ALKBH5 regulates Cdh2 mRNA translation via the IGF2BP1/2/3 complex and basal endoplasmic specialization via N-cadherin. a Polysome profiling analysis for detecting the translation efficiency of Cdh2 mRNA in TM4 cells with and without Alkbh5 knockdown. Western blot analysis was performed by using RPS6 and RPL11 to detect the efficiency of polysome fractionation. b RIP–qPCR to detect the interaction between IGF2BP1, IGF2BP2, or IGF2BP3 proteins and Cdh2 mRNA. c Coimmunoprecipitation to detect the interaction between IGF2BP1, IGF2BP2, and IGF2BP3 proteins. d Western blot analysis to detect the expression of IGF2BP1, IGF2BP2, and IGF2BP3 after silencing Alkbh5 in TM4 cells. β-Actin and GAPDH were used as internal controls. e Western blot analysis to detect the expression of N-cadherin after knocking down Igf2bp1, Igf2bp2, or Igf2bp3. β-Actin was used as an internal control. f Western blot analysis showing the expression of N-cadherin before and after knocking down Alkbh5. GAPDH was used as an internal control. g Some key BTB-related molecules detected by western blot analysis. β-Actin was used as an internal control. h Images showing the ultrastructure of basal endoplasmic specialization (marked by red arrow) in the testis of WT or Alkbh5-KO mice as observed under transmission electron microscopy. Yellow arrow indicates actin bundles. i Schematic diagram elucidating the mechanism of ALKBH5 in regulating the integrity of the blood–testis barrier.

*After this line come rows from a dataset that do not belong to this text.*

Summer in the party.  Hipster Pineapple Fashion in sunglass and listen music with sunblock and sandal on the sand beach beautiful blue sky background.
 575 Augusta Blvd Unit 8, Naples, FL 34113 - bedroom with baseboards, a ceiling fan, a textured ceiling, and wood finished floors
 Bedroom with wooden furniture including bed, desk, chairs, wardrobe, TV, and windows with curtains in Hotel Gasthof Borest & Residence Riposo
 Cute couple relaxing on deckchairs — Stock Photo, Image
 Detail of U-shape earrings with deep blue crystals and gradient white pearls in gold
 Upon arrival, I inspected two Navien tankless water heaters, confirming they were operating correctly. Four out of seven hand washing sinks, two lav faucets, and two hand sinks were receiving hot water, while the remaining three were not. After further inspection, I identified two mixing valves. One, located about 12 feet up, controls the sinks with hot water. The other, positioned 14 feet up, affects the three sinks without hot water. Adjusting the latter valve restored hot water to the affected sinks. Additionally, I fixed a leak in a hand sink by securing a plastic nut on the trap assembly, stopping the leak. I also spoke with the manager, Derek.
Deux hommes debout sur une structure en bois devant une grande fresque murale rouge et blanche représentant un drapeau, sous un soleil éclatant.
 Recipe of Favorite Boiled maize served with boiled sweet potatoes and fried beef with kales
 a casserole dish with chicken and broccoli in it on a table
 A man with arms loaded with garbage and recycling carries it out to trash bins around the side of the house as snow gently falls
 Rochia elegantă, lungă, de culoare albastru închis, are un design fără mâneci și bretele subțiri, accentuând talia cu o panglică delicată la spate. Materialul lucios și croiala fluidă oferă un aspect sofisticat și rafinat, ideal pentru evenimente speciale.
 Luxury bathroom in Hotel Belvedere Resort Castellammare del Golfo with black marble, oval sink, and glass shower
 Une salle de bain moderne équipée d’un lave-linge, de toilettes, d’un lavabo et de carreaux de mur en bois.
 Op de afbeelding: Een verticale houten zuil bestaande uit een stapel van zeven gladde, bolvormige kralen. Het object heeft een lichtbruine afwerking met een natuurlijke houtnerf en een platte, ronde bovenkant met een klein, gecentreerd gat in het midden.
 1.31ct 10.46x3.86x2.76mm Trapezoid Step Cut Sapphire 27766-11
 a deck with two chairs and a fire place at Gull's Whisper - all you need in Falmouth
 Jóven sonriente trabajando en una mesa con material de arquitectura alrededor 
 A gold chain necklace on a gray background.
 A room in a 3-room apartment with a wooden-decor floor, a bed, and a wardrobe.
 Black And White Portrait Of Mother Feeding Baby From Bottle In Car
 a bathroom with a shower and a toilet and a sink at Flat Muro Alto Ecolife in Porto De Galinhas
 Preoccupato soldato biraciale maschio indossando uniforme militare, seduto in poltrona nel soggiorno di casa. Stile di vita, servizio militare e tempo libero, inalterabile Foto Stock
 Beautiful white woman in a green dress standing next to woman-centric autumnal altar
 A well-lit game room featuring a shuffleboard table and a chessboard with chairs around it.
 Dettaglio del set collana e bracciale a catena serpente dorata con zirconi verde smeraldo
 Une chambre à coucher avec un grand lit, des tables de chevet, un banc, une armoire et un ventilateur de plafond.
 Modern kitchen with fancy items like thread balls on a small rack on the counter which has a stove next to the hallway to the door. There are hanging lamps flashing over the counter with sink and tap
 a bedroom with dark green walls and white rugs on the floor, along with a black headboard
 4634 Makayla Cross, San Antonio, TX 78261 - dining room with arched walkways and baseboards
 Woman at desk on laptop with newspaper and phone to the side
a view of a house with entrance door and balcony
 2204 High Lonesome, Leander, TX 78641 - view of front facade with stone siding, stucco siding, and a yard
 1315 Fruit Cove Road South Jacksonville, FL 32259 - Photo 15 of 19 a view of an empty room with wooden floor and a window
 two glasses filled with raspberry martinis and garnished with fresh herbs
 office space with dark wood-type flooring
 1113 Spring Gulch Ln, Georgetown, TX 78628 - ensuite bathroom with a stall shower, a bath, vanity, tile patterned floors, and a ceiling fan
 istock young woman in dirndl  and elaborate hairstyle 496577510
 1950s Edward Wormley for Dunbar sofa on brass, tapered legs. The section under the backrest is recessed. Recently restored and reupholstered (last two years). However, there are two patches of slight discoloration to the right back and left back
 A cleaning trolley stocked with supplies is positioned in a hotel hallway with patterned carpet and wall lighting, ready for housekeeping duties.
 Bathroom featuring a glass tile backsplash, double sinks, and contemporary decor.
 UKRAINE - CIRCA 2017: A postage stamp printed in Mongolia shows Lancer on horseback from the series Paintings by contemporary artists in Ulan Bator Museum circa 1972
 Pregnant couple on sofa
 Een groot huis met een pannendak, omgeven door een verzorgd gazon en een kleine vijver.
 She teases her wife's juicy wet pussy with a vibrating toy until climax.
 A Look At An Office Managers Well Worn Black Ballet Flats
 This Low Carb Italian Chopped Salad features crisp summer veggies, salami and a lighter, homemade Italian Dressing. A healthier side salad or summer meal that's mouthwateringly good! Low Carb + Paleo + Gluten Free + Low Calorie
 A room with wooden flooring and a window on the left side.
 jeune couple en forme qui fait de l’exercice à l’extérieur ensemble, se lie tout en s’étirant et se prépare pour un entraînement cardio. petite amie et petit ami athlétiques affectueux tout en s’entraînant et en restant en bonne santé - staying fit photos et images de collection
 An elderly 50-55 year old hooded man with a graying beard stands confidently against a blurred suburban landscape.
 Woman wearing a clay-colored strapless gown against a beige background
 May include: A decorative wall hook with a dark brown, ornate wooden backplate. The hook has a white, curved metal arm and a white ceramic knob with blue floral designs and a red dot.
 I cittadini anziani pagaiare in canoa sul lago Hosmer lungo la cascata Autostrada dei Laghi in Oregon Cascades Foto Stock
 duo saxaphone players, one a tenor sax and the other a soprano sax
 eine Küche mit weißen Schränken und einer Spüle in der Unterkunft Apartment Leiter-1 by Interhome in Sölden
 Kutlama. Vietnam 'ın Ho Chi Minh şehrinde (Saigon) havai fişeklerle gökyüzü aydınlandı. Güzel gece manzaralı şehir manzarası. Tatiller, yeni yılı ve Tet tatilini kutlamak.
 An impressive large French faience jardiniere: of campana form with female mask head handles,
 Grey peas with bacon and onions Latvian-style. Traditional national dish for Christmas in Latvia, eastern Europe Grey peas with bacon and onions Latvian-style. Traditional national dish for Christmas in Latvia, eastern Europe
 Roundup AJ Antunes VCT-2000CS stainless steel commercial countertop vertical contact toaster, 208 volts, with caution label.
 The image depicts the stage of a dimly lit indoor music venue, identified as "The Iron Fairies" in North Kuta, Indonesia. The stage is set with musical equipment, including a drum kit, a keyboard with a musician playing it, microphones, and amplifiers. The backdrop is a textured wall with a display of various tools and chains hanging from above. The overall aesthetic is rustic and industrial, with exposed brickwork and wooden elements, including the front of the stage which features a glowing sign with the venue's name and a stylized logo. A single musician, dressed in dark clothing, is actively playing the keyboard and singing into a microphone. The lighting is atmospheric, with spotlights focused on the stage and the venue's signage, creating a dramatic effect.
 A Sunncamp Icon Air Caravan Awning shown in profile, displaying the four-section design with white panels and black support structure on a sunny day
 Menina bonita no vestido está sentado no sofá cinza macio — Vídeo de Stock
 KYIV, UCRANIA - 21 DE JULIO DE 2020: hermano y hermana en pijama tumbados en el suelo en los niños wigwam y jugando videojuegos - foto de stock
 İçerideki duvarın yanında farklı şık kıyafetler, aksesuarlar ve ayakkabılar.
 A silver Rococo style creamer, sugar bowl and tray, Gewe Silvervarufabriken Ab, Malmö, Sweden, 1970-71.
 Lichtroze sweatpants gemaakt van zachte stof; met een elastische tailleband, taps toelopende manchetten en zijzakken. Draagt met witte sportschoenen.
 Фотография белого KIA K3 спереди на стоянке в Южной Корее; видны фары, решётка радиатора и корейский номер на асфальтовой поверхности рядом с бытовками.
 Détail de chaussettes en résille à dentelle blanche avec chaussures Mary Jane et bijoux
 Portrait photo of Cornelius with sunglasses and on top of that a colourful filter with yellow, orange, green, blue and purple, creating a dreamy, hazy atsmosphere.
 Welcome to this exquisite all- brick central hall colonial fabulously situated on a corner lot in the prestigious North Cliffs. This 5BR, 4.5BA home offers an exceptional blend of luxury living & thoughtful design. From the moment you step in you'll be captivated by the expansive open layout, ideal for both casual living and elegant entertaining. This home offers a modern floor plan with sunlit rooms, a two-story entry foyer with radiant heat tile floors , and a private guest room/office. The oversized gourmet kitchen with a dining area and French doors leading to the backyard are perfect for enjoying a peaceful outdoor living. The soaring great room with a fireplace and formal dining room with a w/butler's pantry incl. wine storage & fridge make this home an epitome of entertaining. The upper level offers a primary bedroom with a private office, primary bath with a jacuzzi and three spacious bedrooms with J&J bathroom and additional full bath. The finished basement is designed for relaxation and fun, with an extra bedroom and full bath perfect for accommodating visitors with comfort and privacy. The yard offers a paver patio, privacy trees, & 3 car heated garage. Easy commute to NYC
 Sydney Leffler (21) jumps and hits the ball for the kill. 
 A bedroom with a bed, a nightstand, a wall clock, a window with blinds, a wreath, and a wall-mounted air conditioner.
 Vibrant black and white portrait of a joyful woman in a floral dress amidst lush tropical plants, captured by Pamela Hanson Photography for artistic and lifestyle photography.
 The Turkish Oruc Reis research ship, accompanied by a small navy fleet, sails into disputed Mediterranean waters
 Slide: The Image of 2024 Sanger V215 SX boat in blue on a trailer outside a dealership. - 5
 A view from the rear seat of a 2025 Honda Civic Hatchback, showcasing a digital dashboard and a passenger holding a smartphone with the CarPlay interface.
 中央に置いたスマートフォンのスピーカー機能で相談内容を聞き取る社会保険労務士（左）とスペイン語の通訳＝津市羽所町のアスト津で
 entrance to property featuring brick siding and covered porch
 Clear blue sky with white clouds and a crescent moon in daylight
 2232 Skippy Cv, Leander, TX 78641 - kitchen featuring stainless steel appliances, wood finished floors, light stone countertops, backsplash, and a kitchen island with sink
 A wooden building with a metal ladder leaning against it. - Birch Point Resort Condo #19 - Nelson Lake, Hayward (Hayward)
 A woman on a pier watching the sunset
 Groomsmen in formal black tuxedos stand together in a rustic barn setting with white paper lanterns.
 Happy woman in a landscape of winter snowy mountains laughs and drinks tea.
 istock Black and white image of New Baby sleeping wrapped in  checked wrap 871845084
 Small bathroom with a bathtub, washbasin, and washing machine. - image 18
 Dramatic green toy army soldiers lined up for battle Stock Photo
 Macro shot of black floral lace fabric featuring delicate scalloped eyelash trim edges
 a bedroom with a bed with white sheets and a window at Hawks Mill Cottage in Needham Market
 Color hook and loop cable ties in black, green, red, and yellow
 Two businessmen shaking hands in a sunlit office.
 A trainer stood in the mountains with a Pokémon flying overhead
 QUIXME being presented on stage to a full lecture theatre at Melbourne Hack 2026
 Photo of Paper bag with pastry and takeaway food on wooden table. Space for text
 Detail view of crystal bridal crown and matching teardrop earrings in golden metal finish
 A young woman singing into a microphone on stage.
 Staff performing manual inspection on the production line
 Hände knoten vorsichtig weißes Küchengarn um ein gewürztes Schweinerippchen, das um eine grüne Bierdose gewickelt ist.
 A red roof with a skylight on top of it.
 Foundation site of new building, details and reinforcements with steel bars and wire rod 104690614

Under physiological conditions with normal ALKBH5 expression, Cdh2 mRNA is maintained at a relatively low m6A level and is kept away from the IGF2BP1/2/3 complex and YTHDF1-mediated translation of Cdh2. Thus, N-cadherin is expressed at a reasonable level to maintain the stability of basal endoplasmic specialization and integrity of the blood–testis barrier. However, insufficient ALKBH5 protein expression leads to hypermethylation of Cdh2 mRNA and further facilitates its translation under the action of the IGF2BP1/2/3 complex and YTHDF1. Consequently, overexpression of N-cadherin disrupts the stability of basal endoplasmic specialization and integrity of the blood–testis barrier. *P < 0.05, **P < 0.01, ***P < 0.001
ALKBH5 regulates basal endoplasmic specialization via N-cadherin
Finally, we found that N-cadherin expression, which is encoded by Cdh2, was indeed upregulated after silencing Alkbh5 (Fig. 5f). Additionally, we also observed that N-cadherin was mainly distributed at the basal compartment of seminiferous tubules in normal testes, and its distribution was more diffuse at seminiferous tubules after Alkbh5 knockout (Additional file 1: Fig. S1h). It is known that the BTB is mainly composed of tight junctions, basal endoplasmic specializations, gap junctions, and hemidesmosomes, while N-cadherin is an important structural molecule of basal endoplasmic specialization [21]. Although Alkbh5 knockdown did not induce any change in other key BTB-related molecules (Fig. 5g), we indeed found that, in contrast to the tidy actin bundles in Alkbh5-WT mice, the actin bundles of basal endoplasmic specializations in the testis of Alkbh5-KO mice were severely disordered (Fig. 5h). In summary, our study suggested that ALKBH5 in mouse testicular Sertoli cells regulates Cdh2 mRNA translation to maintain blood–testis barrier integrity (Fig. 5i).
Discussion
To date, the role of ALKBH5 in spermatogenic cells and Leydig cells has been studied, but there is a lack of research on the role of ALKBH5 in testicular Sertoli cells. In this study, the BTB assay showed that Alkbh5 depletion in Sertoli cells led to the destruction of BTB integrity. Further studies found that ALKBH5 regulated the m6A level of Cdh2 mRNA and promoted its translation with the aid of the IG2BP1/2/3 complex and YTHDF1. Finally, ALKBH5 participates in the assembly of basal endoplasmic specialization through Cdh2-coding N-cadherin.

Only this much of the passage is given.